Why Black Sabbath’s Debut Still Hits Hard

When Ozzy Osbourne, Tony Iommi, Geezer Butler and Bill Ward recorded this album, they were doing something that didn’t have a name yet. Everyone else working out of the British rock scene in the late 1960s was leaning into blues structures and clean tones. Black Sabbath tuned down, slowed down in places, and layered horror imagery over genuinely heavy riffs. The result was a record that effectively drew the blueprint for an entire genre. Paranoid and Master of Reality would push things further, but this first album is where the logic of heavy metal actually originates. The opening title track alone carries more structural weight than most full records from that era.

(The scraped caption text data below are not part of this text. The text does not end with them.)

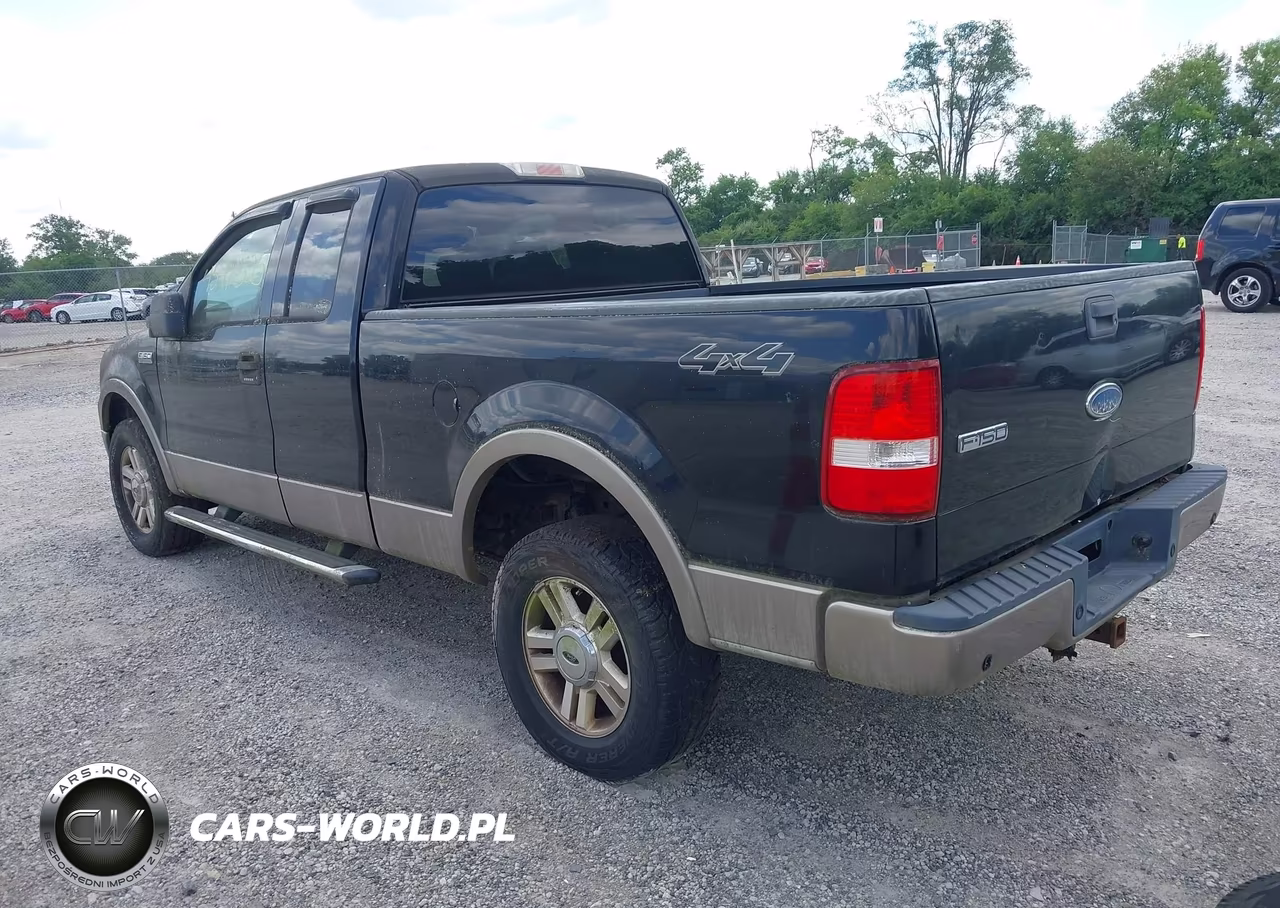 2004 Ford F-150 Fx4-Lariat-Xl-Xlt VIN:1FTPX14504NC30572 - 3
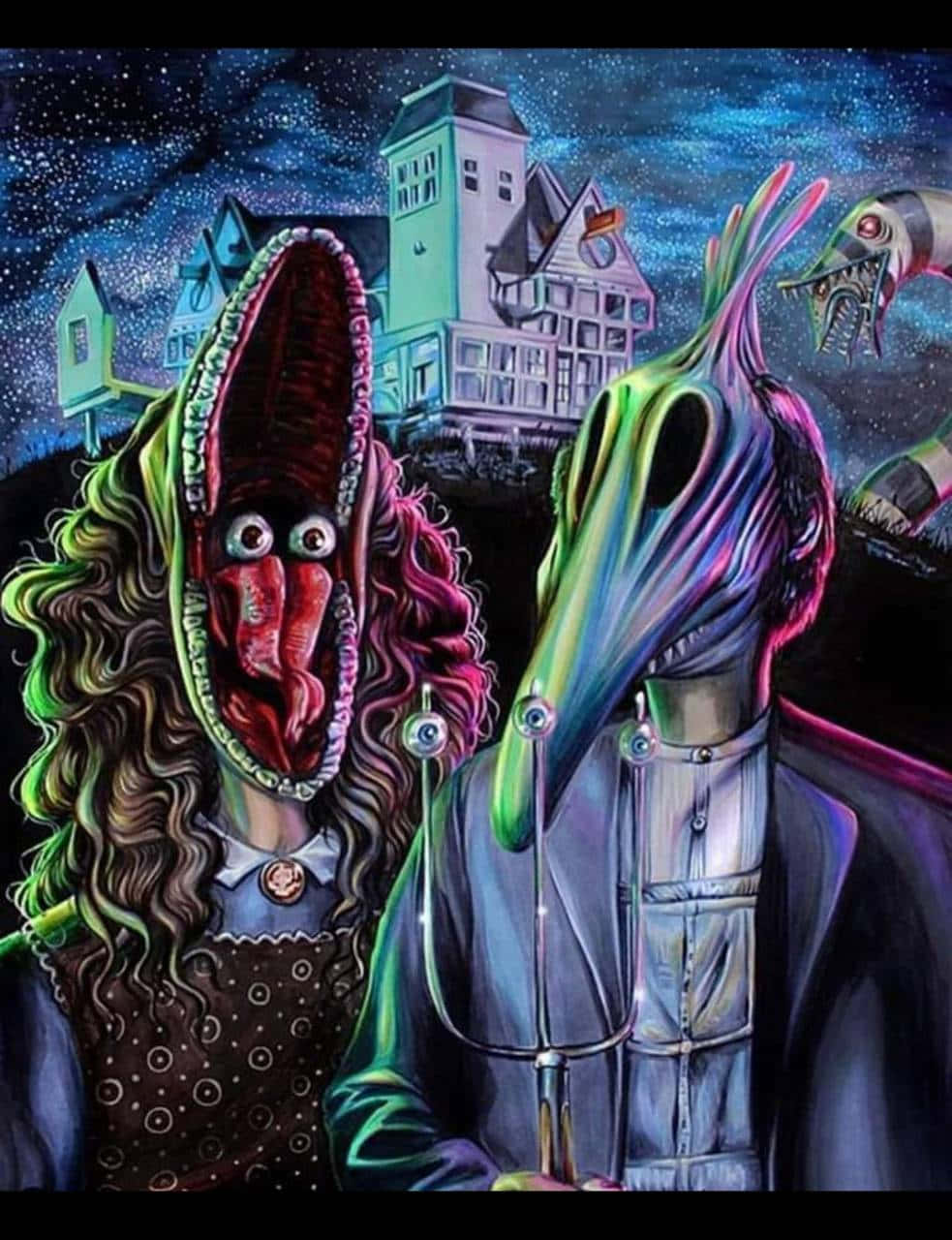 Behold the crazy world of Beetlejuice!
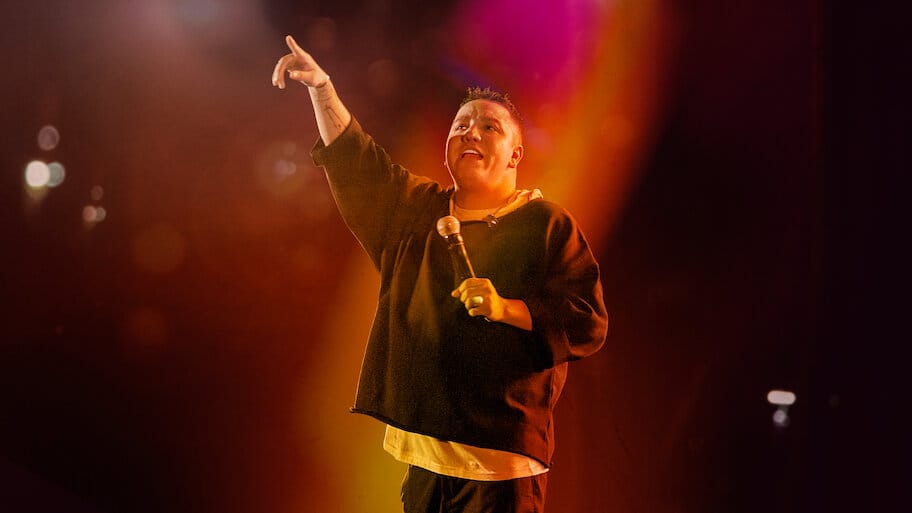 Alan Saldaña: Locked Up backdrop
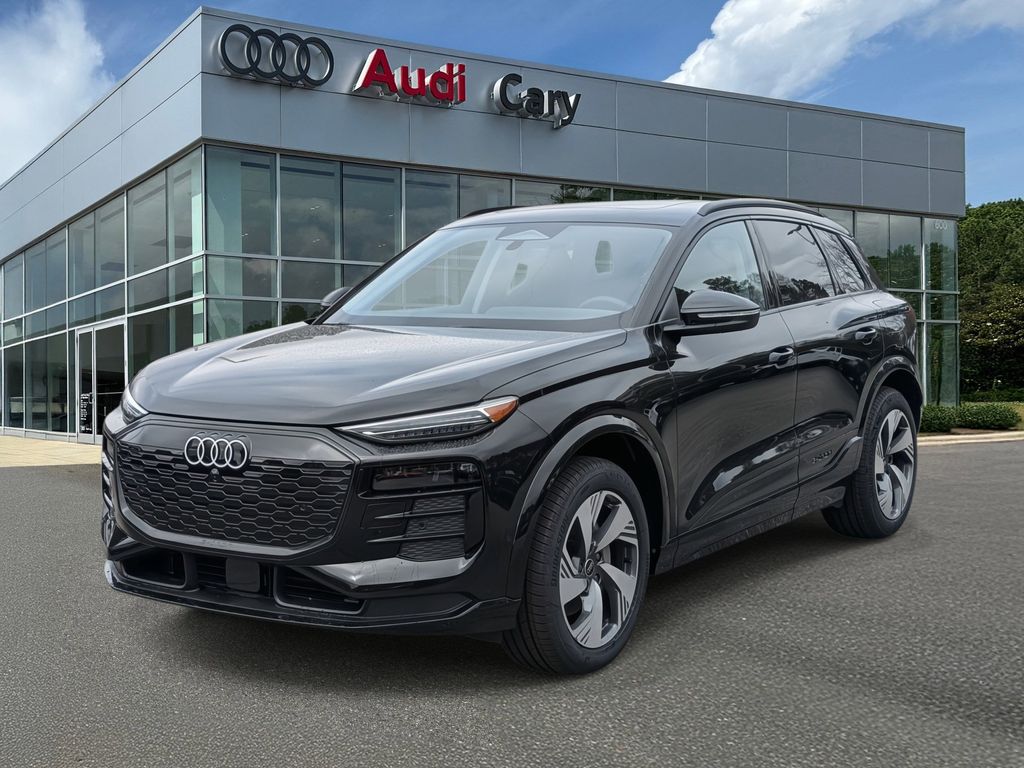 2025 Audi Q6 E-tron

What’s Inside the Black Sabbath Black Sabbath (2LP Deluxe Edition) Vinyl

The expansion here is focused and genuinely interesting rather than filler-padded. Rhino has included studio outtakes from the 1969 sessions, among them alternate versions of “Black Sabbath” and “N.I.B.”, two of the most studied tracks on the record. Hearing different passes at those songs is a real window into how the band was working at the time. The set also includes two versions of the UK single “Evil Woman (Don’t Play Games With Me)”, which is worth having in any pressing of this era’s Sabbath material. Catalog number RRW 552928. Spread across two LPs, the sequencing gives the original album room and keeps the bonus material clearly separated, which is the right call.

Who Should Own This Copy

If you already have a standard pressing of the debut, this edition justifies its place on the shelf through the session content alone. Alternate versions of the title track and “N.I.B.” are not minor additions. For someone building out a serious Black Sabbath collection, this is the version that does the most work as both a listening copy and an archival one. The Rhino release brings solid production values to the package, and having the 1969 outtakes pressed to vinyl rather than tucked into a digital download is the point. This is a band that invented something. Owning documentation of how they built it, take by take, is a different kind of listening experience than the finished album alone provides.